With this I also plan to buy a soft box, background flash, reflector and some background screens. Your suggestions on some economical yet reasonable products will help me a lot! Thanks.


----------



## Braineack (Apr 4, 2016)

you wont need HSS for shooting in a studio setting.


----------



## k.udhay (Apr 4, 2016)

Thanks. Any suggestions on other accessories?


----------



## OGsPhotography (Apr 4, 2016)

Tx controller. Get the flash off camera.


----------



## Stradawhovious (Apr 6, 2016)

OGsPhotography said:


> Tx controller. Get the flash off camera.
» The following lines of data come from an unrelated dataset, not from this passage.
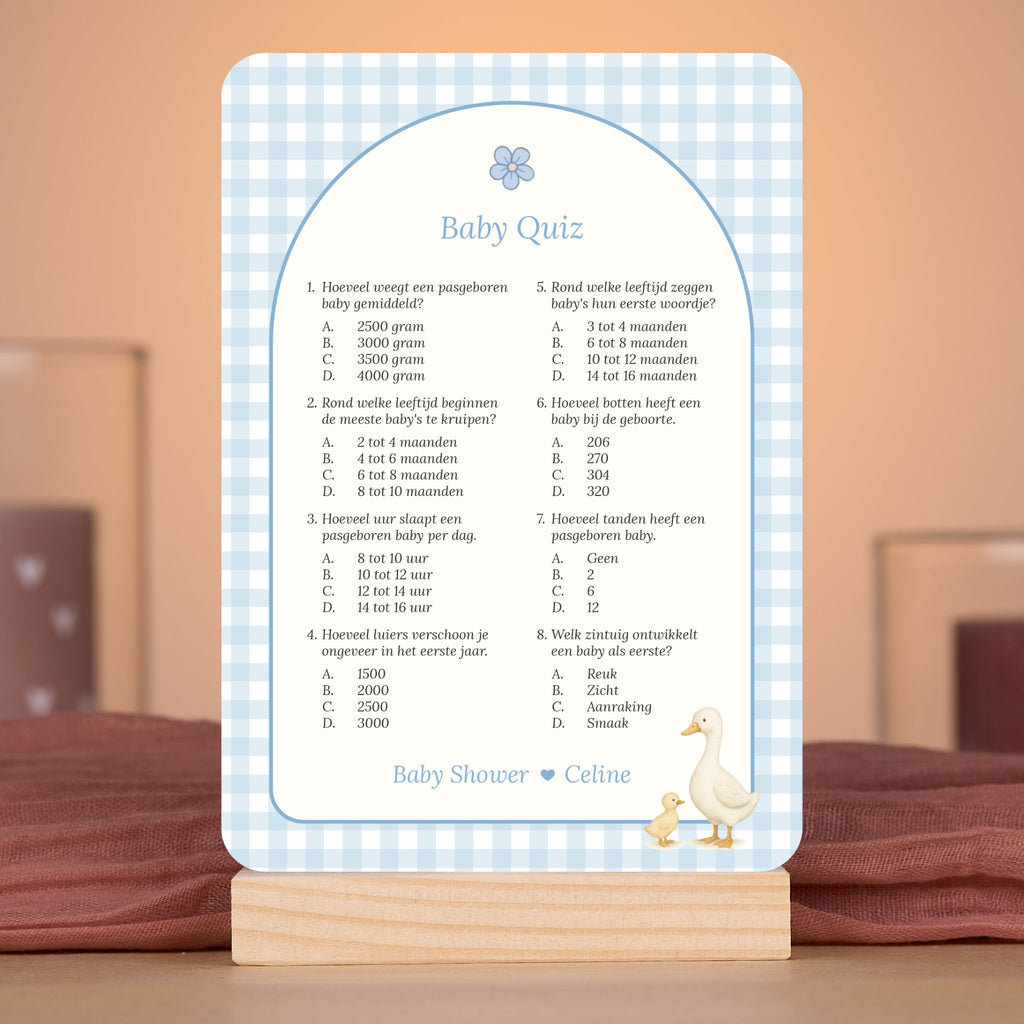 Baby Quiz kaart in gingham blauw met gansje in sfeervolle babyshower setting met decoratie, Studio Miron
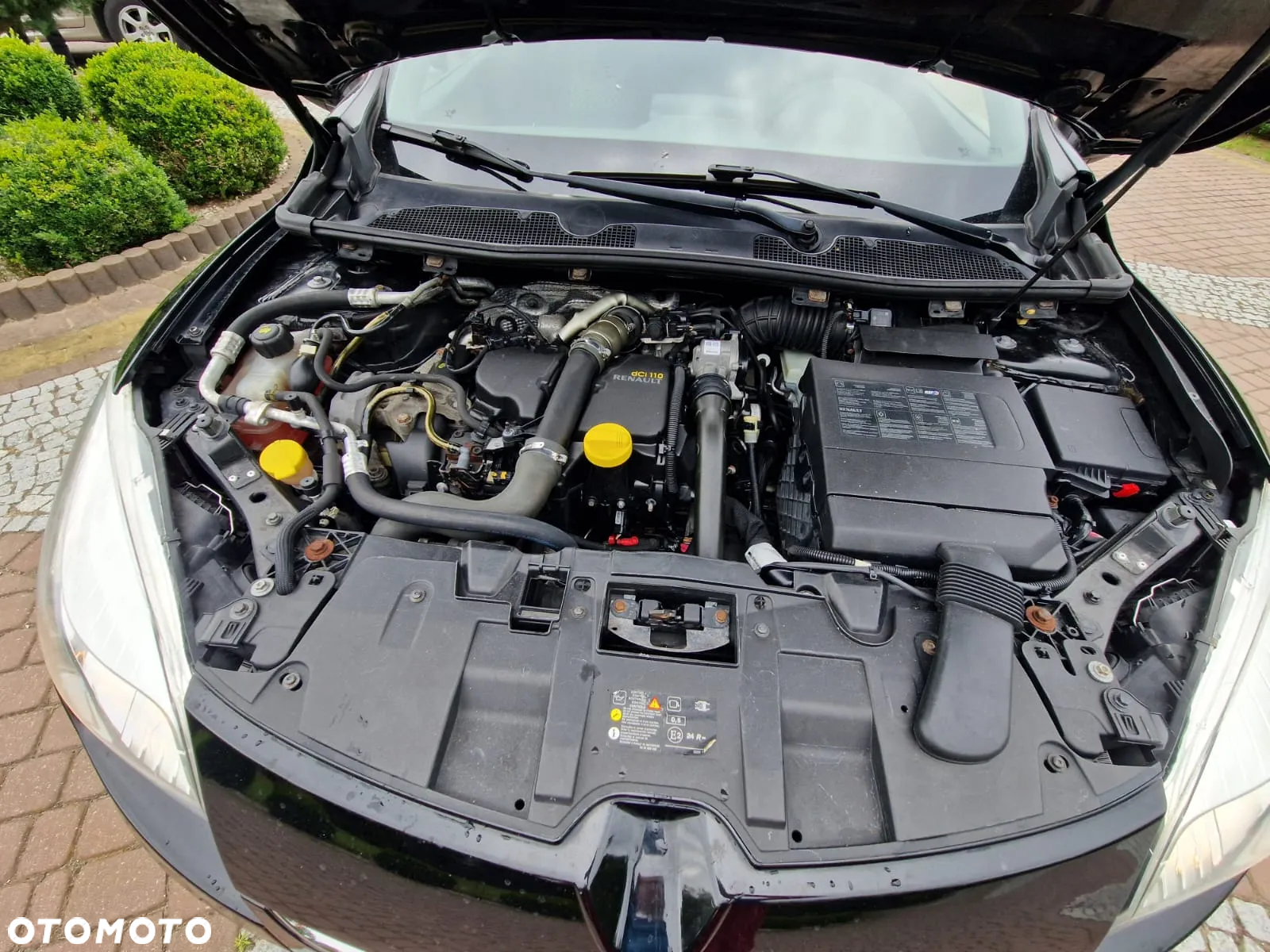 Renault Megane - 22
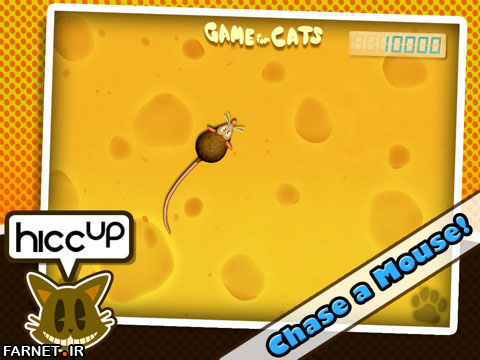 iPad Game for cats 4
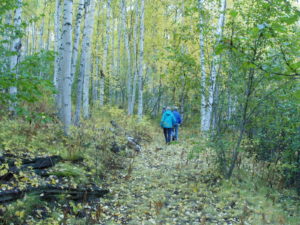 Two hikers walking along a trail in a birch forest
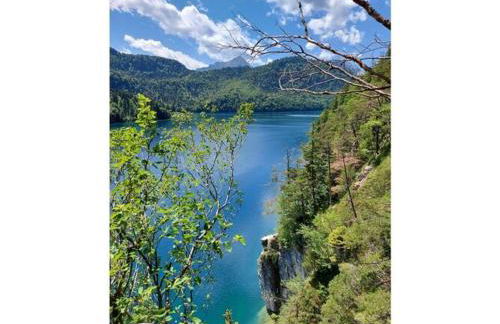 Holiday apartment Alpenrose - Foto 40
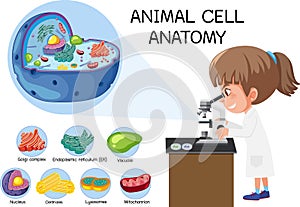 Anatomy of animal cell Biology Diagram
The YN 560 TX (or whatever it's called) works REALLY well with the YN 560 III flashes.  You can assign different speedlights to up to six different groups, then adjust the power and zoom settings of each group (and multiples in the same group), individually, from the tx. on your hotshoe.

And it's cheap.


----------



## ClickAddict (Apr 6, 2016)

There are deals to be had in buying the YN560-TX and the YN560 III  speedlights together.  (I bought those exact lights (2) and transmitter combined and I think it ended up saving me the price of the transmitter (or fairly close) )  They work great by the way.  I highly recommend them.  Being able to adjust from the camera is really nice rather than having to get to some lights which might be high in a lighstand, tucked in a softbox...


----------